Tak Ngoyo, Sudah Terima Rp 1 Triliun

22 Mei 2019, 10: 30: 59 WIB | editor : Amin Fauzie

Ilustrasi

Ilustrasi (AINUR OCHIEM/JAWA POS RADAR BOJONEGORO)

Share this      

BOJONEGORO - Tak perlu kerja keras (tak ngoyo), diibaratkan ditinggal tidur saja, Bojonegoro selama tiga bulan pertama tahun ini sudah mendapatkan pendapatan Rp 1 triliun. Pendapatan bombastis itu diterima dari dana bagi hasil minyak dan gas (DBH migas).

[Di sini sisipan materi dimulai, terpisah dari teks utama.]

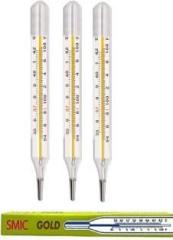 Swadesi By Mcp Oval Thermommeter for Fever Test Temperature 94 108 F Mercury Thermometer SMIC Gold Mercury Thermometer For Fever Clinical Thermometer Pack of 3 Thermometer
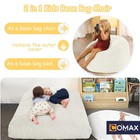 Comax Kids Bean Bag Chair Turn Into Bed Toddler Bean Chair Corduroy For Girl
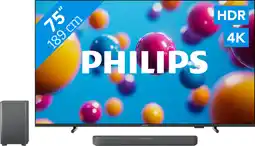Coolblue Philips Ambilight 75'' PUS7000 4K (2025) + Philips TAB5309 aanbieding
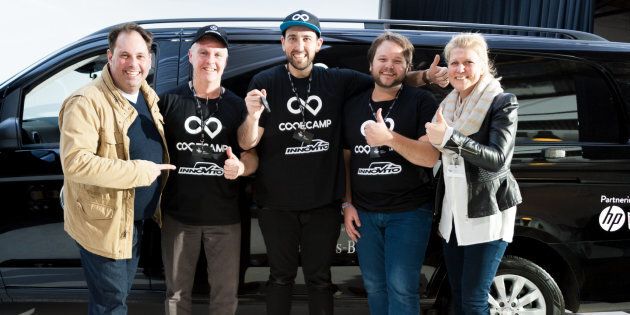 Winning entrepreneurs Code Camp Innovito were presented with the keys to their Vito van by Philip Dalidakis, Minister for Small Business, Innovation and Trade and Mercedes-Benz chief Diane Tarr.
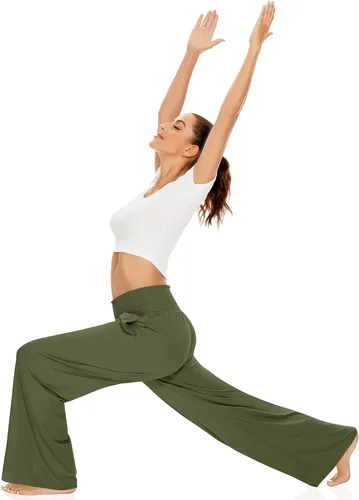 Vista 4 de UEU Pantalones de pierna ancha con volantes fruncidos y cintura alta para mujer, estilo casual, holgados, pantalones de yoga con bolsillos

Target DBH selama setahun ini Rp 1,8 triliun. Dan, saat ini sudah terealisasi Rp 1 triliun. Atau sekitar 55 persen. Angka itu keluar sejak tiga bulan pertama tahun ini. Tentu, realisasi DBH migas tahun ini diprediksi akan melebihi target yang telah ditetapkan oleh pemkab setempat yang sudah tertuang dalam peraturan daerah (perda) anggaran pendapatan dan belanja daerah (APBD) 2019.

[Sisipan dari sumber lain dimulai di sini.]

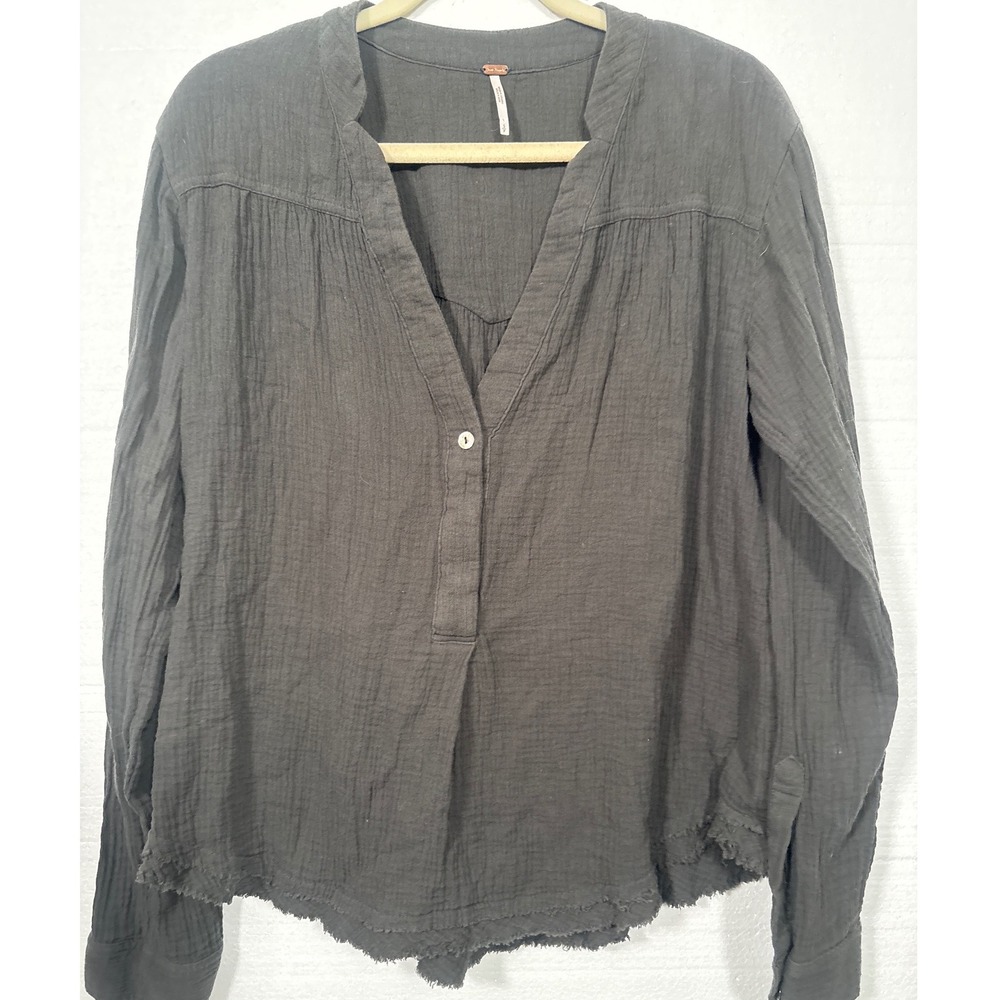 Free People Blouse Womens Small Charcoal Grey Gauze We The Free Western Raw Hem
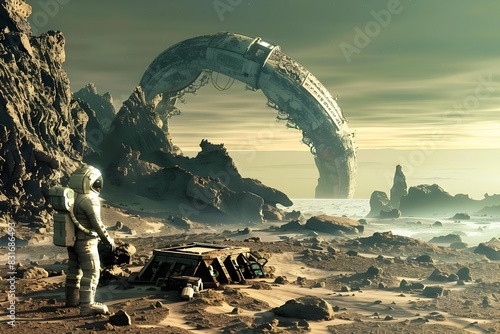 Lone Explorer Discovering Alien Artifact in Desolate Extraterrestrial Landscape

“Melihat realisasi triwulan pertama ini, sudah melebihi 50 persen, realisasi hingga tutup tahun berpotensi melebihi target yang telah ditetapkan,” kata Kepala Badan Pendapatan Daerah (Bapenda) Bojonegoro Herry Sudjarwo.

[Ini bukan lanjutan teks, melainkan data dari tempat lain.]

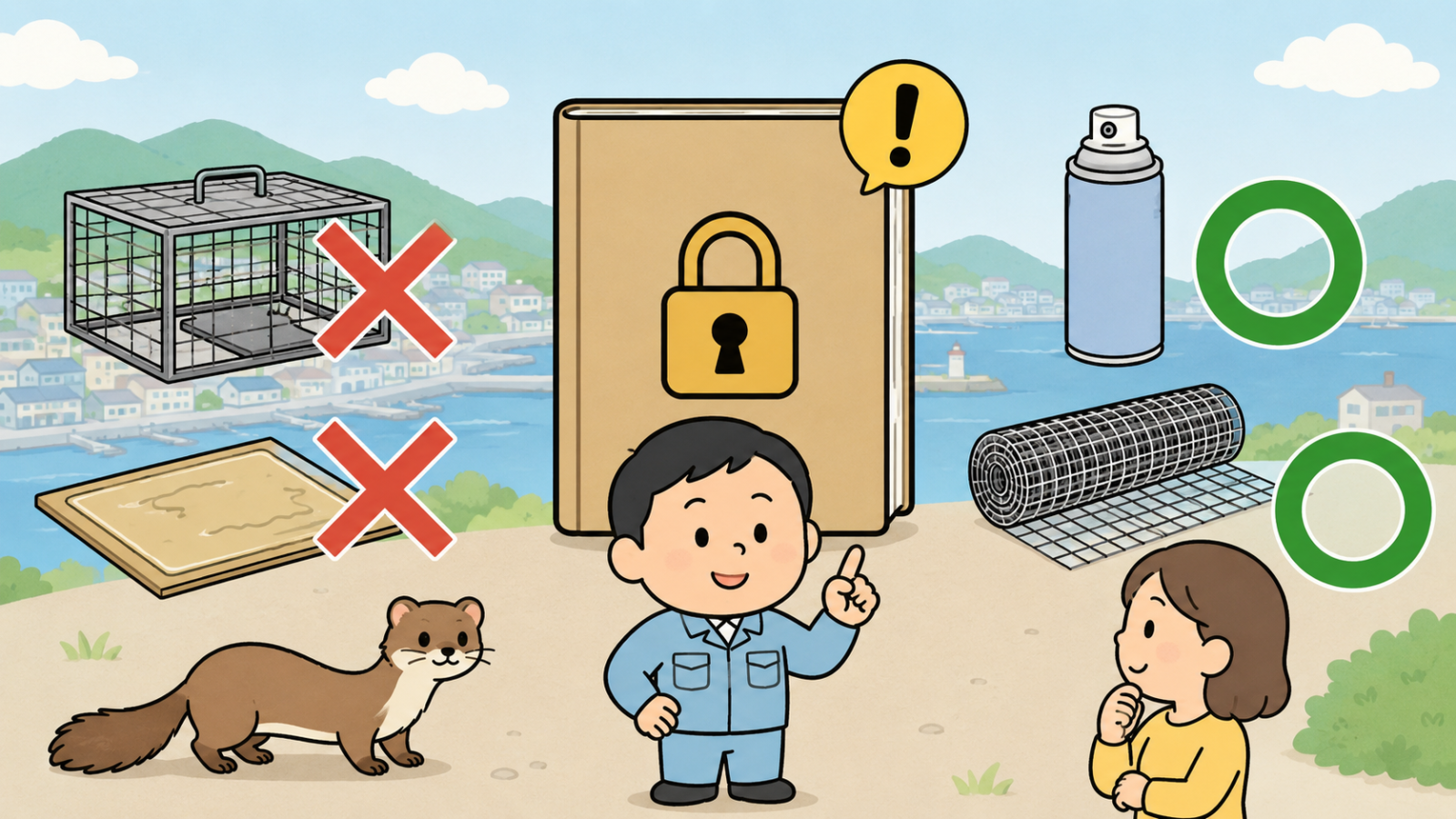イタチは勝手に捕獲できないことを示す図解。中央に錠前の付いた法律の本と注意マーク、左の空の捕獲器と粘着シートには赤いバツ印、右の忌避剤スプレーと金網には許可なしでできる行為を表す緑の丸マークが添えられている。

Jika asumsi penghitungannya DBH dilakukan setiap tiga bulan selama setahun, tentu akan dilakukan penghitungan empat kali. Jika melihat hasil penghitungan pertama besaran DBH sudah tembus Rp 1 trilun, tentu potensi DBH selama setahun mendatang bisa melebihi target.

Menurut dia, penghitungan DBH migas dilakukan setiap tiga bulan sekali. Dan, penghitungan triwulan pertama tahun ini menunjukkan kabar yang menggembirakan. Sebab, sudah mencapai Rp 1 triliun.

Penetapan target itu, sengaja dipasang angka yang mudah dijangkau. Sebab, untuk DBH migas tidak bisa dipastikan tergantung dari lifting dan harga minyak dunia. Untuk hasil penyedotan migas penghitungannya hampir bisa dipastikan, meskipun ada potensi “emas hitam” itu tiba-tiba hilang karena ada bencana alam.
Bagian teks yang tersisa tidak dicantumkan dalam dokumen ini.